95th Street Red Line station to undergo major overhaul

June 25, 2012 (CHICAGO)

Chicago's mayor was joined by Senator Dick Durbin and other leaders Monday morning to announce plans for a new 95th Street station. It comes as the CTA is planning a massive rehab of the entire south branch of the Red Line.

Those who use the 95th Street Red Line say the rehab project is long overdue. The station was built in 1969. The multimillion dollar project will transfer the old and dirty station into a user-friendly terminal with retail space.

"I saw not only the long lines, the way it was constructed, kids darting in and out of buses. It was clearly inadequate," said Chicago Mayor Rahm Emanuel.

That's how Mayor Emanuel describes the CTA's aging 95th Street Red Line station. The system's busiest terminal is slated for a $240 million renovation.

"This will be a tremendous boost to this community. It will bring amenities and the ease of getting in and out of that station," said 21st Ward Ald. Howard Brookins Jr.

The funding includes a $20 million federal grant, future dollars U.S. Senator Dick Durbin says are in danger without the passage of a federal transportation bill.

"If we don't get an agreement between the House and the Senate on a federal transportation bill, 61,000 jobs are at risk in the State of Illinois," said Senator Durbin.

The hub serves over a dozen CTA bus lines, along with Pace, Greyhound and paratransit service, and sees an average of 20,000 passengers a day. It will be upgraded and expanded to resemble a glass-enclosed terminal like those at O'Hare Airport.

CTA officials say the South Side community will see the benefit.
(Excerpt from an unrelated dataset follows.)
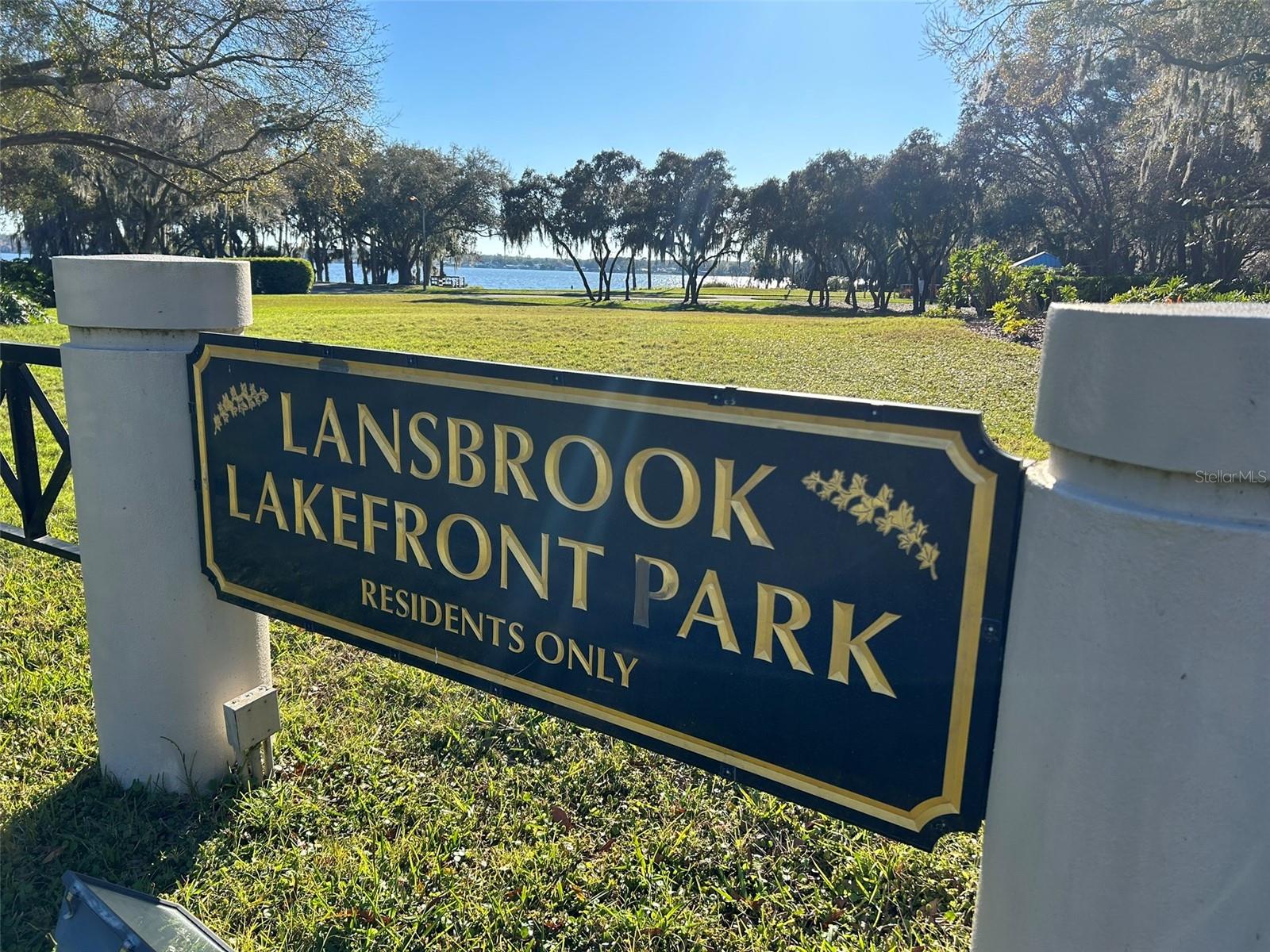 Residents-only Lakefront Park on Lake Tarpon!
"Whoever the prime contractor, it's gonna be in the contract: He has to open up an office on the South Side," said CTA Chairman Terry Peterson. "The money that he gets, he's gotta put it in an African-American bank on the South Side."

Transportation officials say the upgrade also includes better security. They dispute the perception that violent crimes on the Red Line are increasing.
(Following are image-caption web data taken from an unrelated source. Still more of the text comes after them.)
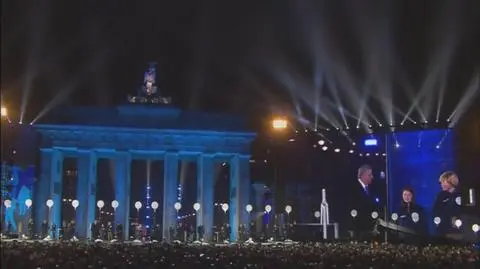 W Berlinie 8 tys. lampionów poszybowalo w niebo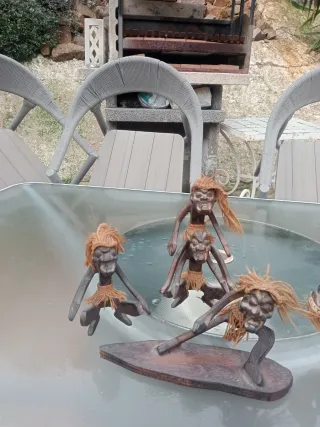 Figuras de madera artesanales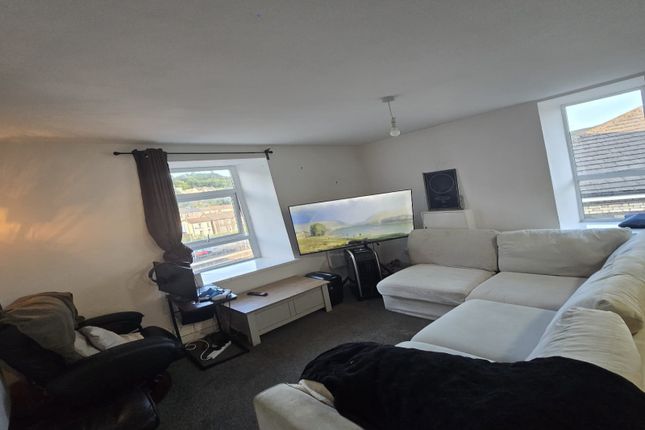 Flat 8, Washington Buildings, Station Street, Porth photo 4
"The Tribune story looked in the rearview mirror, and we're looking forward under a new mayor and new policing strategies and new technologies that the CTA is employing, and those are working," said CTA president Forrest Claypool.

The terminal is set to remain open during the renovation work, which is set to begin in 2014, after the Red Line south track renovation project is complete.

The renovate should generate 650 construction jobs, according to officials.